§ **MATERIAL PROVIDED**

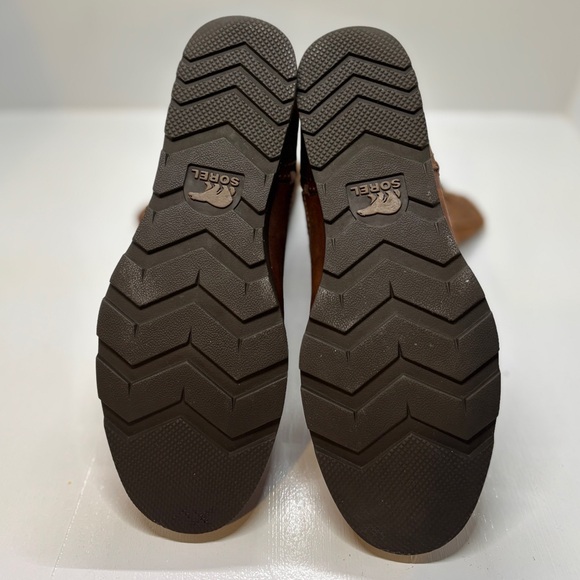 Sorel Major Pull On Boots - Grizzly Bear Tan Leather/Suede Mid-Calf Buckles - Picture 8 of 12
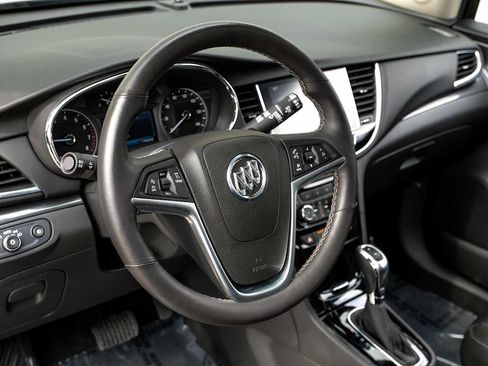 Used 2019 Buick Encore Essence w/ Experience Buick Package FWD image 17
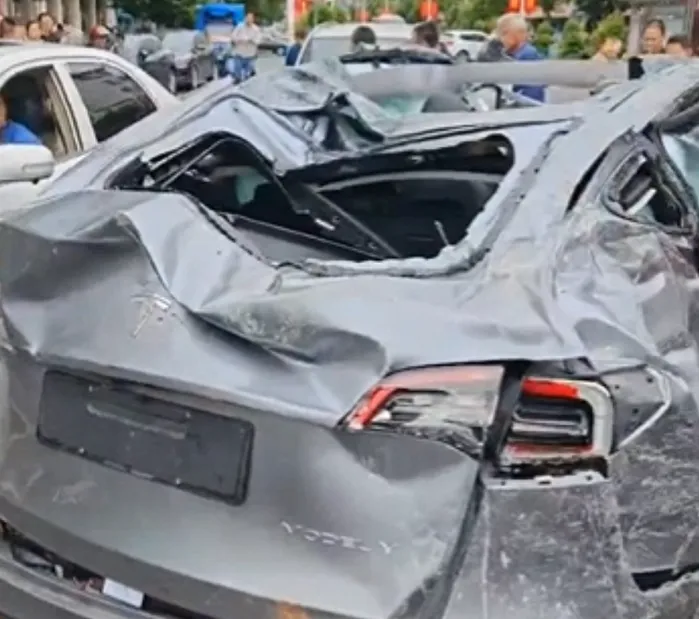 發生事故的特斯拉Model Y車尾受損嚴重。翻攝微博/江西省贛州車禍事件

§ **WHAT TO DO**
Would you please output the listing above exactly, leaving out the pictures?

§ **ANSWER SPACE**
 Sorel Major Pull On Boots - Grizzly Bear Tan Leather/Suede Mid-Calf Buckles - Picture 8 of 12
 Used 2019 Buick Encore Essence w/ Experience Buick Package FWD image 17
 發生事故的特斯拉Model Y車尾受損嚴重。翻攝微博/江西省贛州車禍事件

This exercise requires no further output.